CephFS doesn’t really support fallocate in the general case to begin
with — we don’t want to go out and create an arbitrary number of 4MiB
objects in response to a large allocation command. AFAIK the only one
we really do is letting you set a specific file size up (or down,
maybe?). Do we actually want to support this specific sub-piece of the
API? What happens if somebody uses FALLOC_FL_ALLOCATE_RANGE to set a
size of 4MiB+1KiB? Is this synched with the current state of the user
space client? I know Milind just made some changes around userspace
fallocate to rationalize our behavior.

> fio: got pattern 'd0', wanted '74'. Bad bits 3
> fio: bad pattern block offset 0
> pattern: verify failed at file /mnt/cephfs/fiotest.3.0 offset 0, length 2631490270 (requested block: offset=0, length=4096, flags=8)
> fio: verify type mismatch (36969 media, 18 given)
> fio: got pattern '25', wanted '74'. Bad bits 3
> fio: bad pattern block offset 0
> pattern: verify failed at file /mnt/cephfs/fiotest.4.0 offset 0, length 1694436820 (requested block: offset=0, length=4096, flags=8)
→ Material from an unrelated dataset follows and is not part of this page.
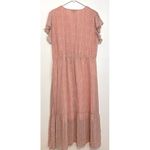 FASHION Flowy Midi Tiered Ditsy Floral Dress Rose Pink Faux Wrap XXL Photo 12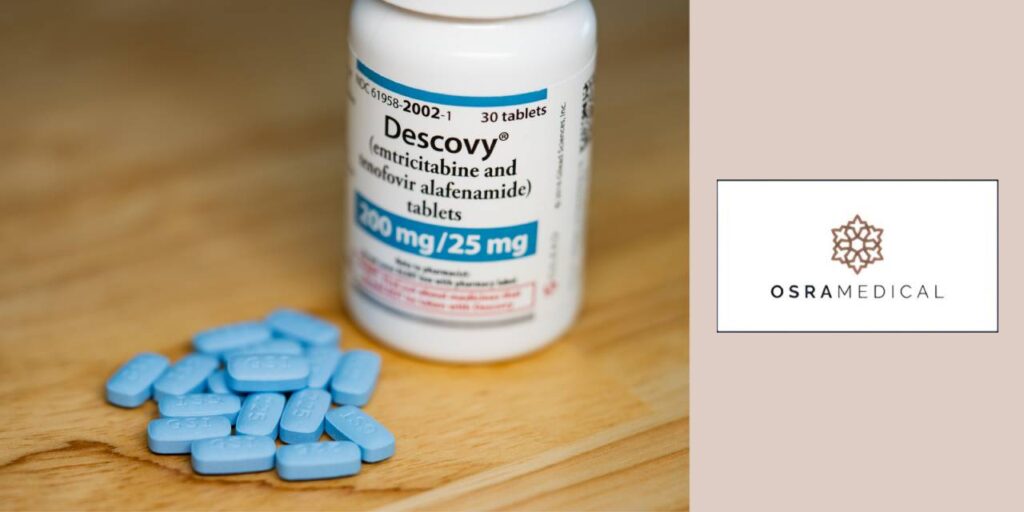 An image of the Descovy bottle and medication next to an Osra Medical logo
> fio: verify type mismatch (6714 media, 18 given)
>
> Expected state ot the file:
>
> hexdump -C ./fiotest.0.0
> 00000000 74 65 73 74 74 65 73 74 74 65 73 74 74 65 73 74 |testtesttesttest| *
> 00002000 00 00 00 00 00 00 00 00 00 00 00 00 00 00 00 00 |................| *
> 00002190 00 00 00 00 00 00 00 00 |........|
> 00002198
>
> Real state of the file:
>
> head -n 2 ./fiotest.0.0
> 00000000 35 e0 28 cc 38 a0 99 16 06 9c 6a a9 f2 cd e9 0a |5.(.8.....j.....|
> 00000010 80 53 2a 07 09 e5 0d 15 70 4a 25 f7 0b 39 9d 18 |.S*.....pJ%..9..|
>
> The patch reworks ceph_fallocate() method by means of adding
> support of FALLOC_FL_ALLOCATE_RANGE mode. Also, it adds the checking
> that new size can be allocated by means of checking inode_newsize_ok(),
> fsc->max_file_size, and ceph_quota_is_max_bytes_exceeded().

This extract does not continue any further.